Но с генеральшей, раз она вбила себе что-нибудь в голову, трудно было поладить. Она продолжала все в том же тоне.

Княгиня ушла от нее, окончательно раздраженная и измученная.

Между тем Пелагея Петровна торжествовала – у нее даже вид был праздничный. Она то и дело втягивала свой рот и испускала легкий свист.

«Вот он, жених-то важный! – шептала она. – Как же, большой барыней сделаться вздумала… нос задрала!.. Вот теперь тебе… что получила? Срам только…»

Вместе с Пелагеей Петровной торжествовал и князь Еспер. Он за это время совсем было разлюбил Нину. Его обожание и тот восторг, который она в нем возбуждала, превратились теперь почти в ненависть. Он уже примирился с мыслью о том, что она не обращает на него никакого внимания, и только продолжал себя иногда лелеять мечтаниями о том, что это временно, что она еще вернется. Теперь он очень обрадовался. Ему было приятно, что его соперник так нежданно-негаданно подвергнут несчастью. Ему было приятно, что и Нина страдает.

«И поделом ей, поделом! – думал он. – Урок, наказание, авось спохватится!..»

Скоро странная новость о том, что жених попался, облетела весь дом. Узнали о ней и воспитанницы. Каждая из них по-своему жалела Нину, все старались всячески выказать ей эту жалость и свое участие.

Нине все эти проявления были тяжелы. Она теперь могла выносить дома только присутствие княгини. Они говорили по целым часам, высказывая друг другу свои предположения, свои надежды.

По мере того как проходили дни, или не принося ничего нового, или принося только одни тревожные, неутешительные известия, княгиня ушла в новую для нее жизнь. Она разъезжала по всему городу, всем доказывала невинность Бориса.

Нина между тем стала очень часто навещать Татьяну Владимировну. Она иногда возвращалась домой только ночевать.

Сначала и княгиня, и Татьяна Владимировна думали, что это горе просто убьет слабую девушку. Но вскоре к изумлению и радости своей, они увидели, что ошиблись. Нина была даже гораздо бодрее духом, чем они. Она не только не теряла надежду, но все более и более как-то успокаивалась и светлела.

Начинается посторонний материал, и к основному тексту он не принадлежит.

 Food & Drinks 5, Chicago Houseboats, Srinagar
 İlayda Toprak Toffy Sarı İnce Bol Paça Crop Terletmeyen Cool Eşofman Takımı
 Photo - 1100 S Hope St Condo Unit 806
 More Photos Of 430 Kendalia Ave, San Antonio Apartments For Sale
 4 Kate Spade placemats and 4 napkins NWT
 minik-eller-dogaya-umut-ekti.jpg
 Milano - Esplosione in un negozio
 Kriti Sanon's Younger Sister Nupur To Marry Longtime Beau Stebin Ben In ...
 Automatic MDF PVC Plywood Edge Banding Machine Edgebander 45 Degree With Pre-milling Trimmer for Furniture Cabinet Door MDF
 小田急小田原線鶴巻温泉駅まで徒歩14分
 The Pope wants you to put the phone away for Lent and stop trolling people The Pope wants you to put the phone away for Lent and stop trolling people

Горбатовы и княгиня имели возможность узнать о ходе следствия многое такое, чего никто не знал. Когда они узнали, что ждать для Бориса оправдания невозможно, что его ожидает каторга, Татьяна Владимировна, несмотря на все свое самообладание, вдруг ослабела и дошла до отчаяния. Нина стала ее поддерживать, доказывала ей с горячим убеждением, что отчаиваться нечего, что испытание посылается для блага человека…

И кончилось тем, что ей удалось передать почти всецело свои взгляды Татьяне Владимировне.

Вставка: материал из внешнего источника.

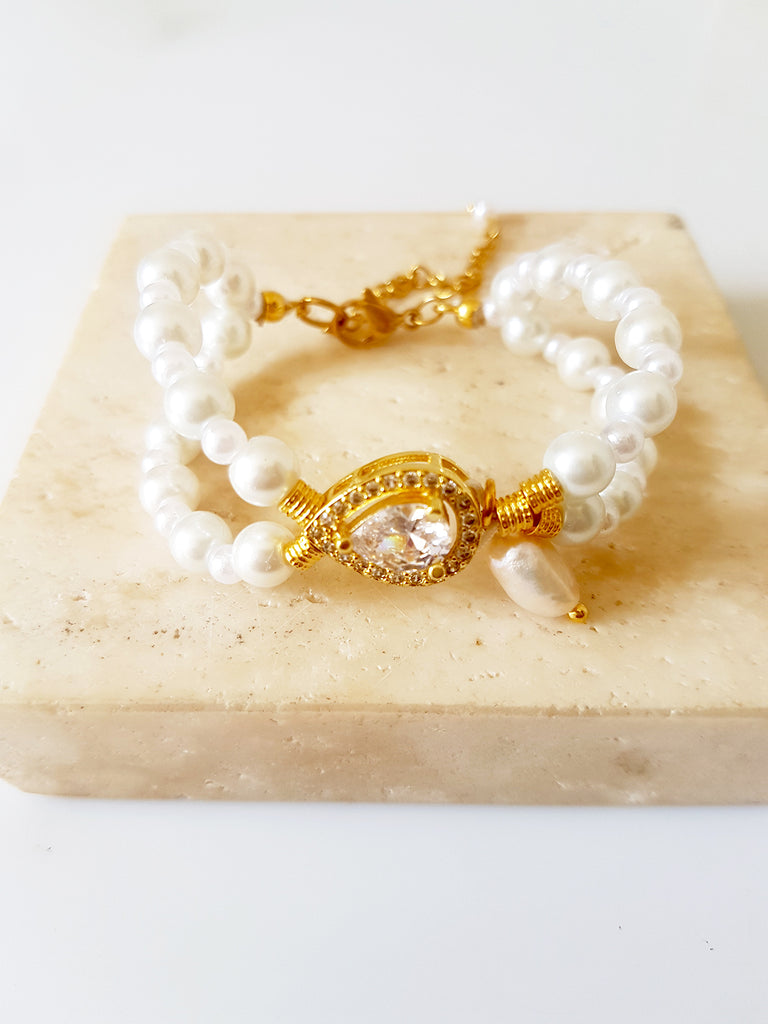 Flirt bracelet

Они принялись подробно узнавать о Сибири. Их уверяли, что на милость государя можно расчитывать, что виновным не по первой категории будут и в Сибири оказывать снисхождение. Они знали при этом, что все, что только можно сделать с помощью денег, – будет сделано. О том, что Нина не отказывается от Бориса и намерена разделить его участь, не было даже и речи. Все хорошо понимали, что иначе и быть не может.

Одна только генеральша, после того как приговор верховного суда стал известен и выяснилась дальнейшая участь Бориса, пришла в ужас и негодование от решения Нины отправиться в Сибирь и там выйти замуж за каторжного. Генеральша накинулась на дочь.

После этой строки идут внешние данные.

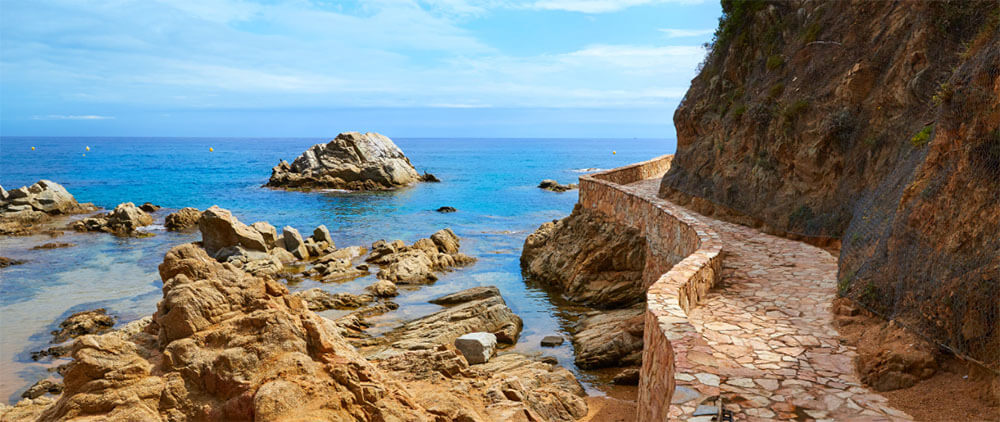 滨海略雷特（赫罗纳省）的龙达（Camino de Ronda）之路。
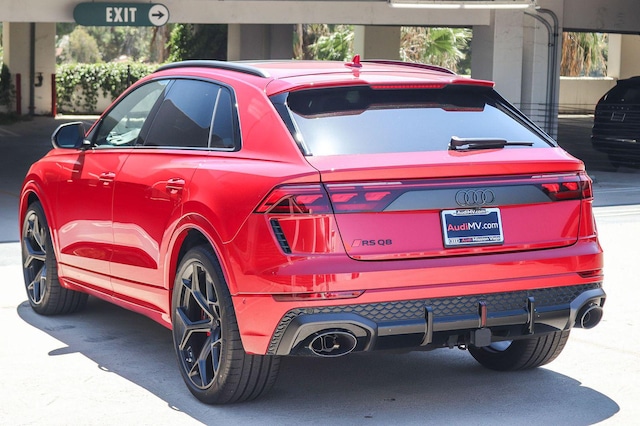 2026 Audi RS Q8 SUV performance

– Что же это ты, ma chère, о чем думаешь?.. Сколько раз говорила, что любишь Нину как дочь родную… Я вот никогда ничего такого не говорила, а, видно, люблю ее побольше твоего, если ты допускаешь это сумасбродство… За графом, за князем, за важным барином ей быть не приходится, а за каторжником еще того меньше. Да ты подумай только, кто он теперь – ведь его дворянства лишили – отверженник!.. Отговори ты ее, безумную. Ведь я вон и Машутке ни за что не позволила бы за ним бежать…. Да и стыдно это… грешно. Он изменник, государь осудил его, так что же она-то, значит, против государя идет!.. Он, мол, хоть и изменник, а я все же таки за ним. Ведь этак и она изменницей становится!..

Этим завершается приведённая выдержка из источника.